::: Data provided :::

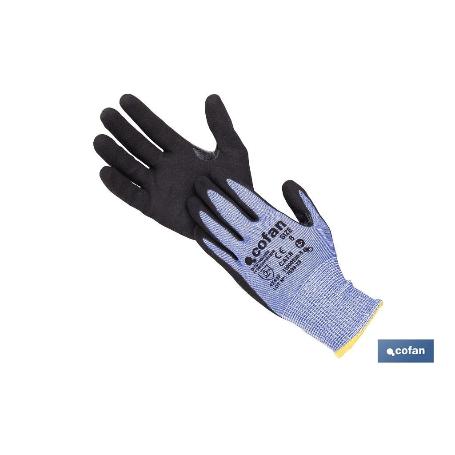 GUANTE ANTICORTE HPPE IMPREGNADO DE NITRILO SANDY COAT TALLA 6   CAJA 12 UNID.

:::
::: Data provided :::

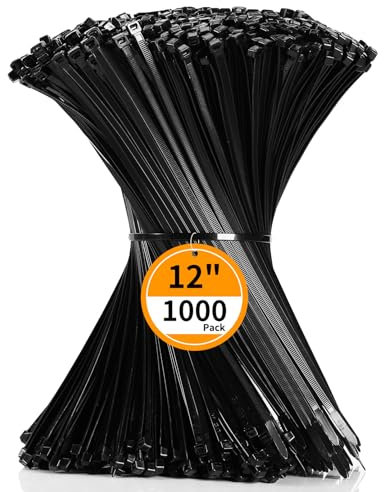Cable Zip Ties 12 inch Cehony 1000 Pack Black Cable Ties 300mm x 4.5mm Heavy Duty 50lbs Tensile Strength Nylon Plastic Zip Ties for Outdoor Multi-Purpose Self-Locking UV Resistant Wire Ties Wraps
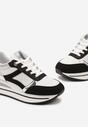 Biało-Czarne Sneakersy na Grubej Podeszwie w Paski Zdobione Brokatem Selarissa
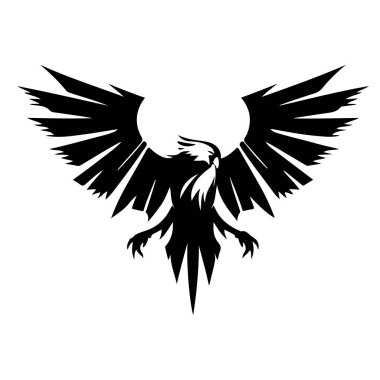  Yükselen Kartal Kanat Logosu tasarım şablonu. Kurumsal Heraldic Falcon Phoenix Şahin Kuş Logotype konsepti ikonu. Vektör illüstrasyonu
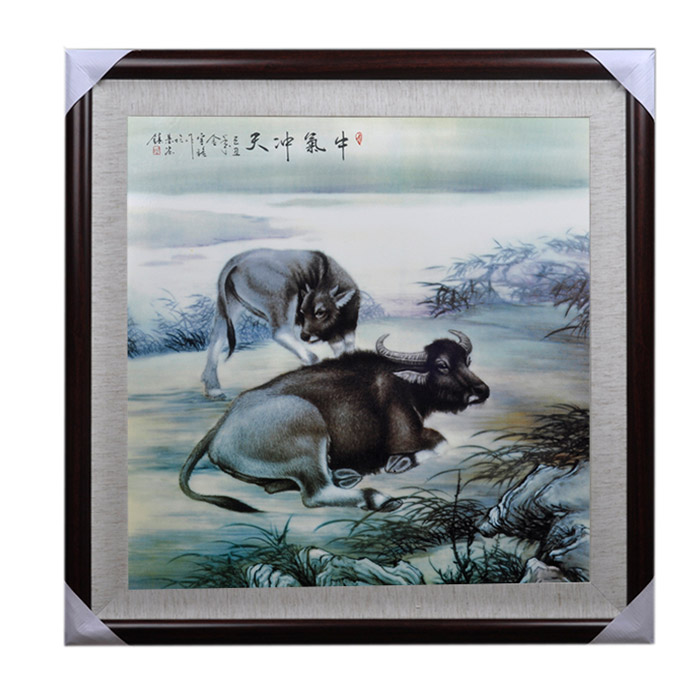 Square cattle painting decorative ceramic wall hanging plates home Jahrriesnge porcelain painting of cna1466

:::
::: Data provided :::

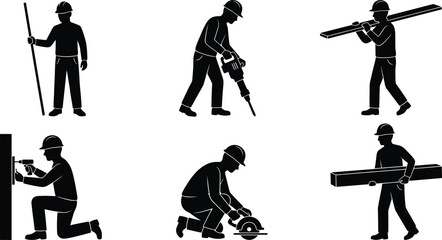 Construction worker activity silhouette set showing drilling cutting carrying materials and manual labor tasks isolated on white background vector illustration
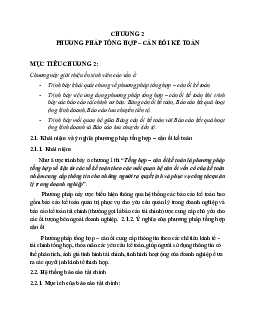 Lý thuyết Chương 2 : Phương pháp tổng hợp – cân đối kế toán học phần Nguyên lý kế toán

:::

## [Exercise brief]
Starting with the line that has "Construction worker activity" and ending with the line that has "Lý thuyết Chương", repeat the lines above exactly, omitting every picture.

## [Completed task]
 Construction worker activity silhouette set showing drilling cutting carrying materials and manual labor tasks isolated on white background vector illustration
 Lý thuyết Chương 2 : Phương pháp tổng hợp – cân đối kế toán học phần Nguyên lý kế toán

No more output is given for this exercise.